Information Technology Journal

Year: 2010 | Volume: 9 | Issue: 8 | Page No.: 1706-1712
DOI: 10.3923/itj.2010.1706.1712
crossmark

Facebook Twitter Digg Reddit Linkedin StumbleUpon E-mail
Research Article

Converting Probabilistic Relational Data to Probabilistic XML Data Tree

Jianwei Wang and Zhongxiao Hao

ABSTRACT


As a kind of special XML data, probabilistic XML has been also presented as the de facto standard for probability data exchange on the web. And there are a mass of probabilistic relational data. In order to realize the conversion of probabilistic relational data to probabilistic XML data, the representation methods of probability data in the probabilistic relational data and in the probabilistic XML data are firstly analyzed separately. And the probabilistic XML data tree is a classical probabilistic data model with some distribution nodes. The conversion process of probabilistic relational data to probabilistic XML data is composed of two stages what are schema conversion and data conversion. Algorithm PRS2PDTD converts the probabilistic relational schema to the probabilistic DTD, while preserving semantic constraints of the original probabilistic relational schema. And algorithm PRD2PT converts probabilistic relational data to the probabilistic XML data tree. The instance analysis results show that the algorithms are effective methods for conversion of the existent probabilistic relational data to the probabilistic XML data.
PDF Abstract XML References Citation
Received: June 30, 2010;   Accepted: August 13, 2010;   Published: September 17, 2010

How to cite this article

Jianwei Wang and Zhongxiao Hao, 2010. Converting Probabilistic Relational Data to Probabilistic XML Data Tree. Information Technology Journal, 9: 1706-1712.

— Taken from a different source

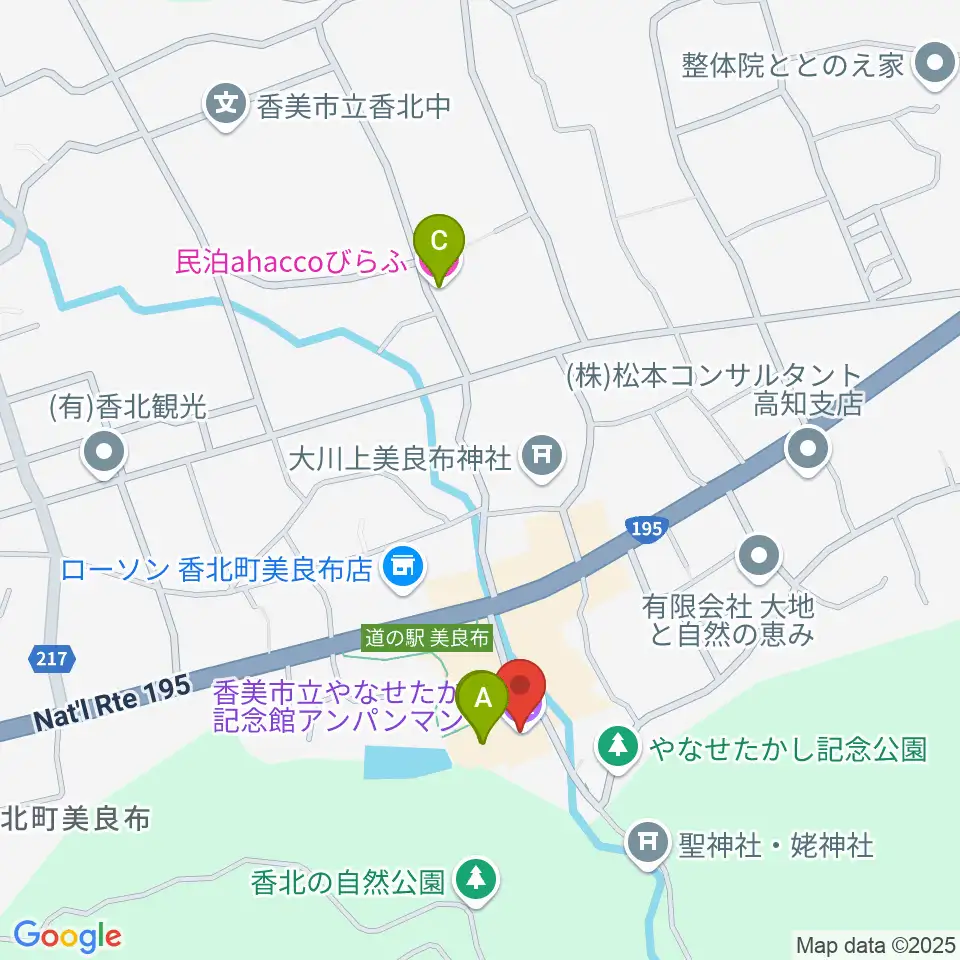 香美市立やなせたかし記念館・アンパンマンミュージアム周辺のホテル一覧地図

DOI: 10.3923/itj.2010.1706.1712

URL: https://scialert.net/abstract/?doi=itj.2010.1706.1712

Search


INTRODUCTION


Because XML emerged as the de facto standard for data formats on the web (XML-TR, http://www.w3.org/ TR/, 2007; Nath and Batanov, 2005; Haw and Lee, 2007), the probabilistic XML data has been also presented as a special style of XML data from 2001. It can represent the distribute distribution data in XML element in the form of probabilistic data. The researchers mainly focuses the fields what are the probabilistic XML data models (Nierman and Jagadish, 2002; Van Maurice et al., 2005; De Keijzer and van Keulen, 2007) the probabilistic XML algebra (Zhao et al., 2005; Magnani and Montesi, 2008; Dekhtyar et al., 2006) query methods (Benny and Sagiv, 2007; Kimelfeld et al., 2008) and prototype system design (Nierman and Jagadish, 2002; Hung and Subrahmanian, 2005; Li et al., 2006).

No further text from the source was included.